Maria Moroka Game Reserve – This national park, which includes the Groothoek Dam, is found at the foot of the Thaba Nchu Mountain and contains zebras, eland, red hartebees, black wildebeest, springbok, blesbok and white rhino. An eight-kilometre hike through the park is popular with tourists and yields good birding. Alternately, game drives under the guidance of a ranger can be taken.
Zastron – Situated between the Caledon and Orange Rivers, Zastron boasts a number of natural features. The Eye of Zastron is a hole in a large sandstone ridge on Aasvoëlberg or Vulture Hill, looming over the town. The Hippopotamus Cave takes its name from numerous hippo paintings on its rocks created by the San, while on the Glen Rosa Farm there’s a cave with a San frieze five meters high. Two dams in the town’s environs offer recreation – Eeufeeskloof and Montagu. The Manyaputi Nature Reserve in also located here.
Tiger Canyons Breeding Project – On the farm, Tiger Canyons, wildlife specialist John Varty is undertaking an experiment to breed free-ranging, self-sustaining tiger populations in the wild, outside Asia. Visitors can take a game drive in a 4x4 vehicle, adapted for their safety, in order to see the tigers at close range.
Letsatsi Game Lodge – This reserve is located near Smithfield on the road to Bethulie and offers game drives, horse rides and hiking. Both chalet and tented accommodation is available. There are also conference facilities. Buffalo, eland and black wildebeest are some of the game stocked.

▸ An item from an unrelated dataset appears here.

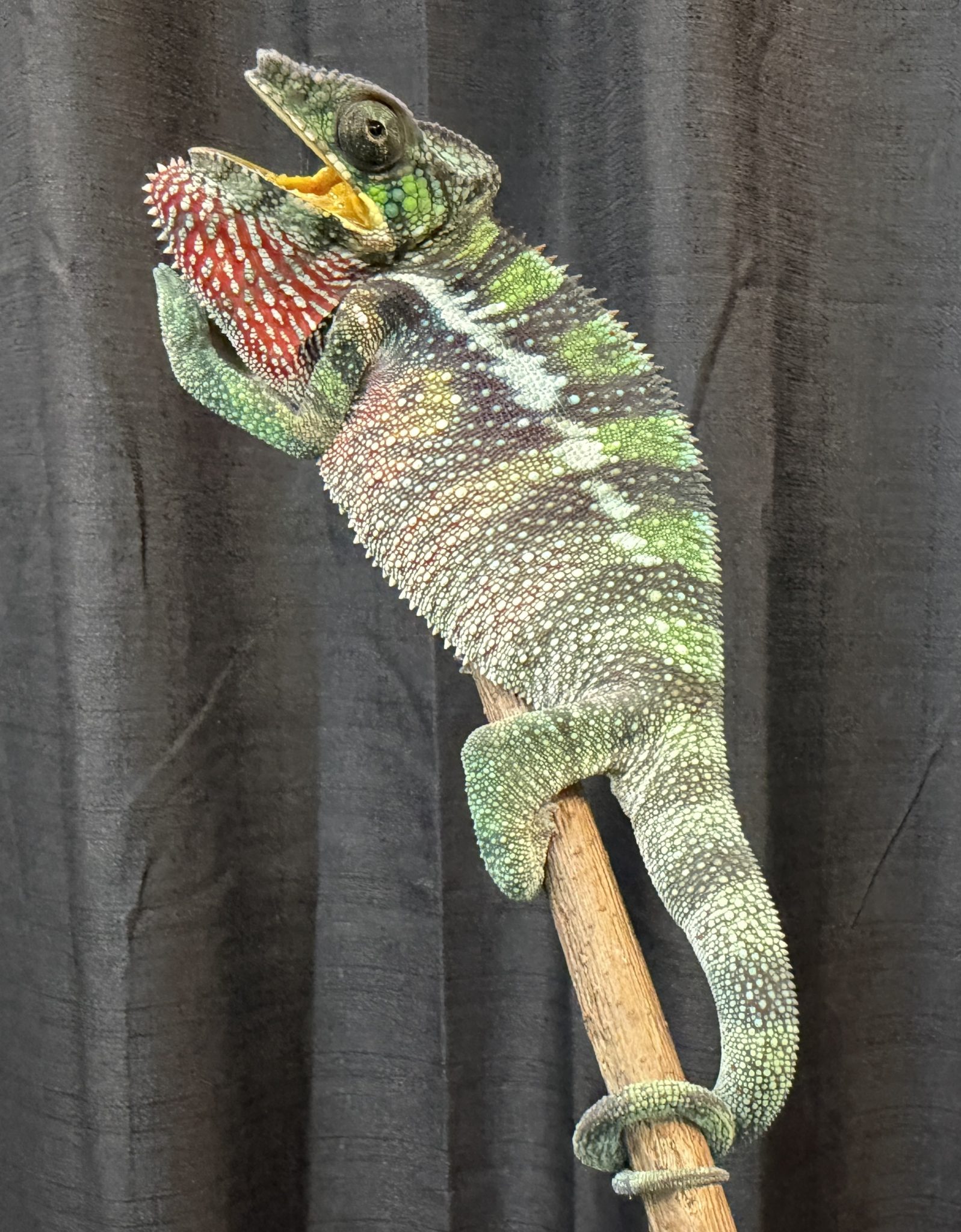 F2 Ambilobe Panther Chameleon for sale #3V4 - Image 3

Jagersfontein’s diamond heyday - In the 1890s, diamond mining in Jagersfontein yielded two notable gems, the 972-carat Excelsior diamond and the 637-carat Reitz diamond. Digging came to an end in the late 1960s, but one can still visit the old mine where the diamond rush started. The Open Mine Museum makes an interesting tour, or one can hike the Diggers Groot Gat Trail, a 35-kilometre walk over three days.
Oude Kraal Country Estate and Spa is a great place for good food and wine. The Colonial Restaurant offers six-course dinners and the food is legendary.